Standalone AI Liability policies, with limits from $2M to $50M are starting to emerge for companies that need affirmative AI coverage to fill the gap should standard policies exclude AI. Special attention must be paid to the priority of coverage and other insurance clauses to make sure the policies will interact as intended. Note: Keep in mind, Side A coverage — which protects individual directors directly when the company is unable to indemnify them — should be a non-negotiable part of any D&O program.

Directors need to make sure the company is buying insurance that actually maps to their AI exposures and that its advisors are current on the affirmative AI coverage available and exclusions being introduced. The pace of market change means additional diligence is warranted. It might be prudent to invite the broker to present directly to the board at D&O renewal time.

4. Are there real‑world examples boards should be watching?
 
Kate: The litigation phase has started. Workday faced a federal class action alleging its AI-driven hiring tools discriminated against applicants by race, age, and disability.
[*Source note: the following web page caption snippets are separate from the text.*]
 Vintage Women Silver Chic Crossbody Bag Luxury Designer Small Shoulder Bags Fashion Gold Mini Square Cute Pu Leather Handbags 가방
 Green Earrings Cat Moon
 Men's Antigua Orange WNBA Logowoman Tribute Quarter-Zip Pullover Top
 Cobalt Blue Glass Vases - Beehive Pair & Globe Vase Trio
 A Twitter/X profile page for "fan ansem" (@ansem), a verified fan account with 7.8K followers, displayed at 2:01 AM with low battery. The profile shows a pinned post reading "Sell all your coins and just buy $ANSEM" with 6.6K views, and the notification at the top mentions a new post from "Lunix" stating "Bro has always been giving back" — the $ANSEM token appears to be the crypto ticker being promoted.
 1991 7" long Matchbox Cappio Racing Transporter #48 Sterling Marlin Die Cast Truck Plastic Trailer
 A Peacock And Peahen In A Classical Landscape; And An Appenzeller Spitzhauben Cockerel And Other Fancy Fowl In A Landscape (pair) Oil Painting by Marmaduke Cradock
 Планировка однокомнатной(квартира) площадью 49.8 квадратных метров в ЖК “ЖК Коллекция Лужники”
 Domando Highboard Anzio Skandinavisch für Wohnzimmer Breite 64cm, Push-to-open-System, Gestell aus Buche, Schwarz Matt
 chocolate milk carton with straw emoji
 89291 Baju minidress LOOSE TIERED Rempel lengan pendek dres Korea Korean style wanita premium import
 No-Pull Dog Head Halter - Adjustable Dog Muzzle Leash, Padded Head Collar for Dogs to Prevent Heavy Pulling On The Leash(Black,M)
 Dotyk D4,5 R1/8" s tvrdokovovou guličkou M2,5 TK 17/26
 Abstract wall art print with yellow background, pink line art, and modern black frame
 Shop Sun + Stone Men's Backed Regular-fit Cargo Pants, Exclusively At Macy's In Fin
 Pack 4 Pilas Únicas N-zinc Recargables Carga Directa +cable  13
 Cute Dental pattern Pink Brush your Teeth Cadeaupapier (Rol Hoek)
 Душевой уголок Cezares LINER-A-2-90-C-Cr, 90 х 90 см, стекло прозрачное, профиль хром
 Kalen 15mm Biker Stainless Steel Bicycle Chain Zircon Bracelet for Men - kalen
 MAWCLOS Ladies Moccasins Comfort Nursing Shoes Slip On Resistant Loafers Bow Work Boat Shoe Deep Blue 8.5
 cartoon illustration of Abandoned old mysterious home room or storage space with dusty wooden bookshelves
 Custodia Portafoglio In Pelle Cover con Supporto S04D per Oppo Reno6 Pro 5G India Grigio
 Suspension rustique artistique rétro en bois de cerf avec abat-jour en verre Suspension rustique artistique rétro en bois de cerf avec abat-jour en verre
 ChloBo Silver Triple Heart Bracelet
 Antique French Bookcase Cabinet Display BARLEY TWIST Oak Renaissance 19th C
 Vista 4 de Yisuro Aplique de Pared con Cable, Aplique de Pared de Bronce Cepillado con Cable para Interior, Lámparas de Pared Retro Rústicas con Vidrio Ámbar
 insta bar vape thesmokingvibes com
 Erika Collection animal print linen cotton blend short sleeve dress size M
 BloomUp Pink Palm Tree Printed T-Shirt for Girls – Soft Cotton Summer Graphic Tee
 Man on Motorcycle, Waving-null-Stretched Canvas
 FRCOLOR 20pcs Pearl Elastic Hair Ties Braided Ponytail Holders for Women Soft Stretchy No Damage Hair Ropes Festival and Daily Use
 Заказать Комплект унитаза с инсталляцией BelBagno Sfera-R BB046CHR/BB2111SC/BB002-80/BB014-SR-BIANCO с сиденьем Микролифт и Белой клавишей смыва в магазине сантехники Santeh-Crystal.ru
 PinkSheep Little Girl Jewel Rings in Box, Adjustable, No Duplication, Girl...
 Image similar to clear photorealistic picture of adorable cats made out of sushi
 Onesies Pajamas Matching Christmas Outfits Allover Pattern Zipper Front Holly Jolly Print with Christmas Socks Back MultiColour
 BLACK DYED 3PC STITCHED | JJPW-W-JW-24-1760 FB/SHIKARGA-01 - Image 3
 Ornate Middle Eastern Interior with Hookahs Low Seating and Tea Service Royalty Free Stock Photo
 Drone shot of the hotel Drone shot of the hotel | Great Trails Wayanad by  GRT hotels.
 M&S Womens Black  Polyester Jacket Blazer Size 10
Getty Images sued Stability AI for training its image-generation model on millions of copyrighted photographs without permission. And multiple AI companies have faced securities class actions from shareholders alleging they overstated their AI capabilities in public disclosures.
 
AI-related securities class actions have also been filed, alleging misleading statements about AI capabilities. Copyright cases involving LLM training data have already settled for significant sums. Discrimination class actions over algorithmic bias in hiring are moving through federal courts. Historically, governance failures surface first, and liability follows.
 
5. Are policies related to AI evolving the way they did for other new concepts, say, cyber risk?
 
Kate: Yes—but faster, and with more serious consequences. Like cyber, AI is a fast‑moving innovation, where underwriters are struggling to price exposure. The crucial difference is systemic risk. If one model is used everywhere and something goes wrong, it could be an unquantifiable exposure for insurers.
 
Gartner predicts that by 2030, insurers will require companies to demonstrate mature AI governance practices before granting affirmative AI coverage. This means good governance won’t just protect you from liability, it will determine whether you can get insurance at all, and at what price.
 



We are grateful to Kate for spending time with us on this tricky topic.

Our takeaway from conversations with Kate and other insurance experts is that proper AI risk oversight comes back to process. Management teams need the ability to surface, evaluate, and disclose risks to the board. And boards need sufficient expertise to engage in thoughtful discussions which demonstrate their ability to oversee evolving AI risks and opportunities.